Poisonous Plants

Do you know which plants are poisonous?

We can all name a few poisonous plants, and possibly even identify them, but many of them will come as a surprise. Perfectly safe plants may be wrongly considered poisonous; particularly if your child has just eaten some. There is room for us all to increase our knowledge of which plants are poisonous.

Book

Poisonous Plants – a guide for parents and childcare providers. Author: Elizabeth A. Dauncey; Published by the Royal Botanic Gardens, Kew, 2010.

The largest group at risk from poisonous plants are children under the age of 5. They spend time around plants in homes, gardens, parks and the countryside. This accessible guidebook provides important information for anyone responsible for keeping children safe: parents and other childcare providers such as childminders, nurseries and grandparents. In addition, educators, medics, sellers of plants and flowers, gardeners and those responsible for plants in public places will find this to be an invaluable resource. It will enable you to assess the potential risks posed to children by toxic plants and provides ideas for designing and planting a safe environment.

Helpful descriptions and more than 230 photographs will assist you in identifying 132 of the most poisonous plants and plant groups likely to be encountered as pot plants, in flower beds and vegetable plots, and in more natural environments. The toxins contained in each plant (especially in plant parts that are attractive to children) and the likely symptoms should they be inadvertently touched or eaten are explained. An illustrated section includes some of the most commonly eaten low-toxicity berries.

Buying a Plant

When you go to your local garden centre to choose plants for your house or garden, look carefully at the labels. As well as telling you things like the name of the plant, how big it will grow, and how much sun it likes, you may also see a warning if the plant is poisonous. For example, labels for the common houseplant dumbcane (Dieffenbachia) should say “CAUTION toxic if eaten/ skin and eye irritant”.
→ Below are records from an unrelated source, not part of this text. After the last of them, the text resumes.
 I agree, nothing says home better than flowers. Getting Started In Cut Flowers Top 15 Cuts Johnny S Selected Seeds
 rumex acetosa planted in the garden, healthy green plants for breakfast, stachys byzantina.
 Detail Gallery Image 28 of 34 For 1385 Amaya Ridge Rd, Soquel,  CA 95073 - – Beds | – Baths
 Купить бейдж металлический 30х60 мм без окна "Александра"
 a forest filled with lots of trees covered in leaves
Kew worked with toxicologists to compile detailed reports on the toxicity of cultivated plants, and following discussions with the Horticultural Trades Association (HTA) and the Royal Horticultural Society, a list of plants that should carry warnings was produced. To view this list and the label warnings, see The HTA List of Potentially Harmful Plants (pdf).
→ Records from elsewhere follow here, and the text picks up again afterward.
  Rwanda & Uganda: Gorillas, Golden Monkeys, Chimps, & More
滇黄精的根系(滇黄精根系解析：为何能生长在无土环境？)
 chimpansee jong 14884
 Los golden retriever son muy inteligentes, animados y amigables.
Poisonous Plants – a guide for parents and childcare providers (see above) is the first book to illustrate and describe the toxicity of all the 117 plants on the HTA’s list of potentially harmful plants and includes the HTA’s risk code for each one.

Poisoning Enquiries

Cases of suspected poisoning, and questions about the toxicity of plants, are routinely handled by the enquiry service of Economic Botany.
Urgent cases - During weekday office hours we endeavour to provide a telephone advice service for urgent poisoning case enquiries. Please telephone Kew's central phone line on 020 8332 5000, stating whether the enquiry concerns a plant or a fungus (mushroom/toadstool).
Non-urgent cases - We welcome information about plant poisoning cases as very few are formally published. If you would like to tell us about a non-urgent recent or old case of plant poisoning following contact with a plant or after eating it, please print out this questionnaire and post it to the address below. Any information we receive will be treated in total confidence.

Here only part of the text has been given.